The book’s second section covers what are the most diverse and under-studied regions: South America, South Africa, and the Russian autonomous experiment. These areas are often exoticized or treated only anecdotally in Jewish studies. Given the limited existing scholarship, the chapters are broader in scope, offering helpful context. The chapter on the Soviet’s Birobidzhan experiment at creating an autonomous Jewish region in the Far East describes the unfolding of the project from its original conception to tension with Stalinist antisemitism and the project’s stagnation. Chapters on Brazil, Argentina, and South Africa explore the radical elements that permeate their history over waves of immigration. Each focuses on how the Jewish community related to the oppressive regimes that marked the recent history of those countries: apartheid in South Africa and military dictatorship in Argentina and Brazil.

The third section covers Eastern Europe and the Balkans, the regions traditionally associated with Jewish radicalism. Lithuania and Hungary, the focus of two of the three chapters of this part, offer refreshing approaches to familiar topics, for example, by examining the Jewish socialist formula of “herenesss” [Doykait] in a folklorist frame rather than a labor one. The most interesting and innovative chapter in this part focuses on Thessaloniki, tracing the life of Abraham Benaroya as the embodiment of the region and tracking how Jews negotiated the region’s transition from Ottoman to Greek. Benaroya formed worker federations that tied together socialism, internationalism, and multiculturalism. Jewish radicalism in Thessoloniki involved a significant portion of the Jewish community and had perhaps the biggest impact of the radicalisms surveyed, laying the foundations for contemporary radical movements in Greece.

The last section of Radical Jewish Politics, Unorthodox Radicalisms, breaks with the case study approach. Its first chapter focuses on Jewish anarchism in all its variations, with an emphasis on Yiddish poetry and press. It also highlights Jewish elements of classic anarchist thinkers such as Emma Goldman’s reference to Jewish messianism and her appreciation Jewish songs. Still, the most striking element of the chapter is that, unlike the others in the book, it ends with present cases of Jewish radicalism. The chapter concludes with a reference to the Pink Peacock, a Jewish pay-what-you-can café in Glasgow (since closed), and a zine surveying ways to resist far-right developments via mutual aid and solidarity. This reference to living embodiments of Jewish radicalism is one of the few places where the book shifts from a mere historical account of past events to a lesson for the present – cultivating hope for the future.

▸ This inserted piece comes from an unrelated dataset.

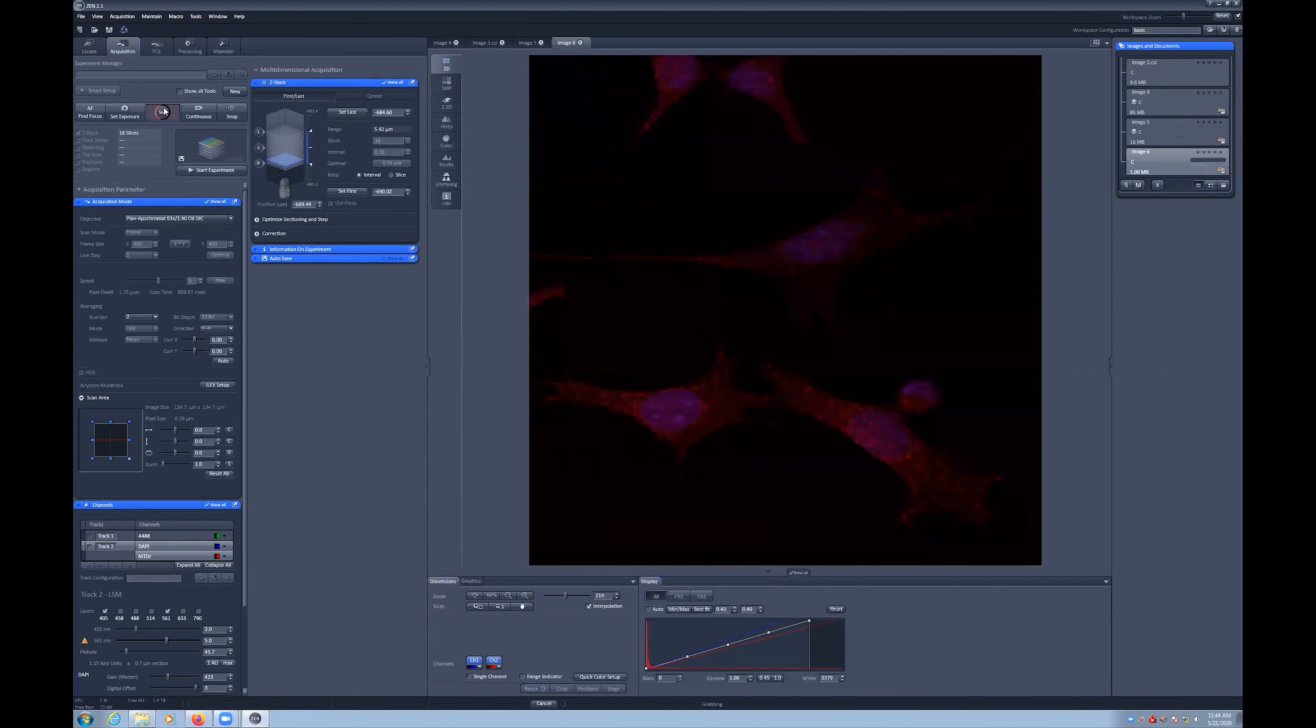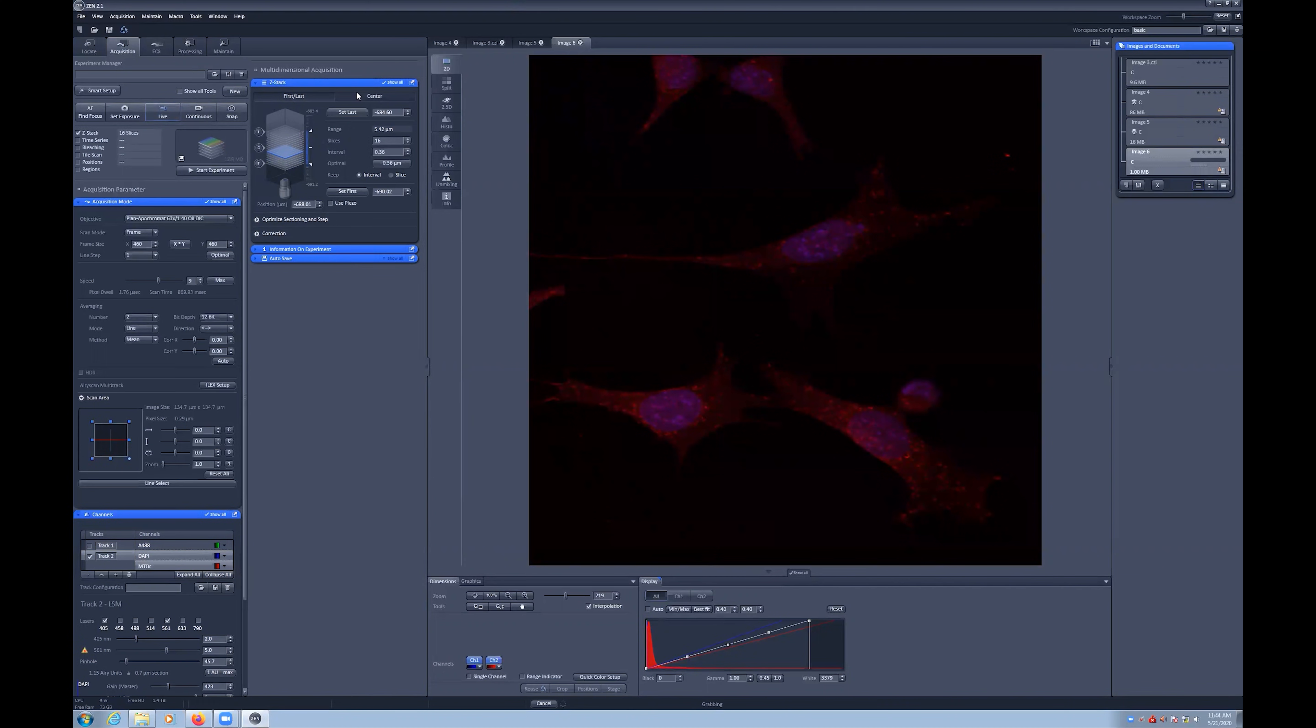Next we can get a new image on the screen by running live. We can then stop this and select Center Mode in the Z-Stack menu.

The two remaining chapters of Unorthodox Radicalisms were for me the most complicated to digest and the most problematic. They focus on the ways rhetorical devices and marginalized populations, respectively, were part of right-wing Zionist movements. The chapters start from the basic claim that radicalism should be understood in a broad sense to also include conservative radicalism – the term “radicalism” does not lose its meaning when it shifts from right to left. Then they show how elements of conservative radicalism and progressive radicalism mix, such as in popular resistance to authoritarianism and to colonialism.

These chapters make clear the central limitation of the historicist approach to radicalism. It might be historically accurate that the right-wing movements saw themselves as anti-authoritarian. But we must evaluate that claim – particularly in an age when such claims are echoing loudly. Historical precision is necessary but insufficient.

Radical Jewish Politics is an interesting collection of stories, but it is nothing more than that. It collects stories of the Jewish past like one collects antiquities – it is what Nietzsche calls history as antiquarianism. Jewish radicalism becomes exotic and even more distant from our current situation precisely when we need it the most. We don’t need scholars to tell us that Jewish radicalism is something of the past, dead, buried, and long forgotten. The world already tells us that every day. We need articulations of Jewish radicalism for today that activate its legacy. Radical Jewish Politics does not fill that need.